Not calibrated prevalence, not ground truth. Human validation pending. Learned from the 10,348 direct Codex labels and 10,348 direct Gemma labels. Candidate is the union of thresholded teacher heads; consensus is their intersection. These outputs are machine_predicted_unvalidated and are not human labels or direct frontier model labels.

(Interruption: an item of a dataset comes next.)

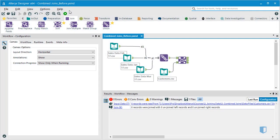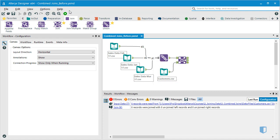We would like to bring all customer information onto one master dataset. To do this, we'll have to create a right outer join. We'll need to combine the information from the J and R datasets. This can be done by using a union after the join.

metaresearch head score (Codex)0.000
metaresearch head score (Gemma)0.000
Version: codex-gemma-dda1882f352aValidation status: machine_predicted_unvalidated
Candidate categoriesnone
Consensus categoriesnone
DomainCandidate signal: none · Consensus signal: none
Study designCandidate signal: Simulation or modeling · Consensus signal: none
GenreCandidate signal: Empirical · Consensus signal: none
Teacher disagreement score0.909
Threshold uncertainty score0.979

Codex and Gemma teacher scores by category

CategoryCodexGemma
Metaresearch0.0000.000
Meta-epidemiology (narrow)0.0000.000
Meta-epidemiology (broad)0.0000.000
Bibliometrics0.0000.001
Science and technology studies0.0000.000
Scholarly communication0.0010.000
Open science0.0010.000
Research integrity0.0000.000
Insufficient payload (model declined to judge)0.0000.000

Machine scores (provisional)

The two teacher heads of the student model, read on this work. A score orders the frame for review; it never asserts a category, and the validation status ships verbatim with every row.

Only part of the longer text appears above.